When you first heard about Fox's plans to make a fat people version of The Bachelor, your first thought was probably, "How empowering—not just for fat people, but humanity in general!" Then you saw the trailer—a luminous, 32-second flash of pure dignity that will probably be screened by future generations as a PSA about how people should treat each other—and your thought was confirmed.

The way that the women are all crying because they're so fat and therefore so lonely. The way that FOX is giving them a chance at televised love—but only with another fat person because, you know, yuck. The way that the fat guy is a totally creepy chubby chaser. The sneaking suspicion that Fox is definitely gonna find a way to show all of those "real" women in bathing suits, because, fat people in tight clothes = hilarious. This fat people freak show is essentially a commercial for the fat acceptance movement, right? Well, it is at least according to the NY Times:

“Fat acceptance” ideas date back more than 30 years, but have lately edged into the mainstream, thanks in part to public hand-wringing by celebrities like Oprah, Kirstie Alley and the tennis player Monica Seles, who said she had to “throw out the word ‘diet’ ” to deal with her weight gain. (Oprah now cites her goal as being not “thin,” but “healthy and strong and fit.”)

Even television is bellying up to the bar, with Lifetime’s introduction of a hefty heroine in “Drop Dead Diva” and a show having its premiere this month on Fox that stresses the “reality” in reality TV. The show, “More to Love,” matches plus-size dates with a bachelor boasting “a big waist and an even bigger heart.”

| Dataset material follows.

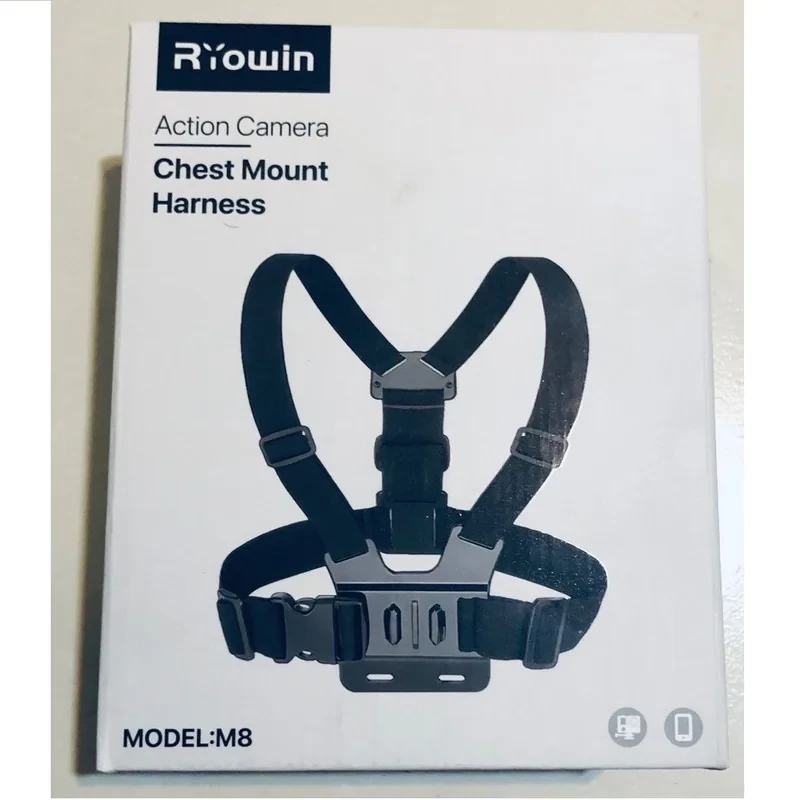 مانت جلیقه ای ریوین مدل M8 Chest Mount Harness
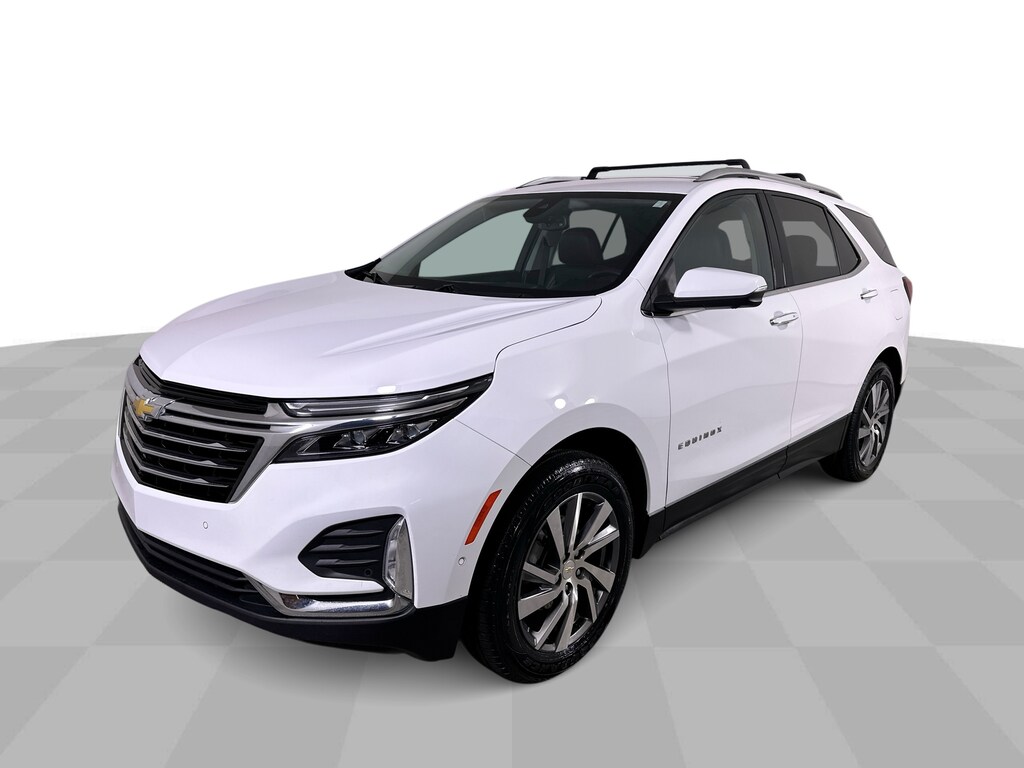 Used 2024 Chevrolet Equinox Premier SUV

I don't pretend to understand the fat acceptance movement, but I at least know what the words "fat" and "acceptance" mean when put together in a phrase. The NY Times apparently doesn't. Oprah and Kirstie Alley have both publicly said, numerous times, that they want to lose weight, which probably qualifies as not "accepting" their bodies. And if More To Love is somehow empowering to fat people, then I can't wait to see what the NY Times thinks when FOX greenlights my idea for a reality show—it's an all-Asian version of The Bachelor called Me So Horny—For Love. Trust me: it will be so empowering for everyone.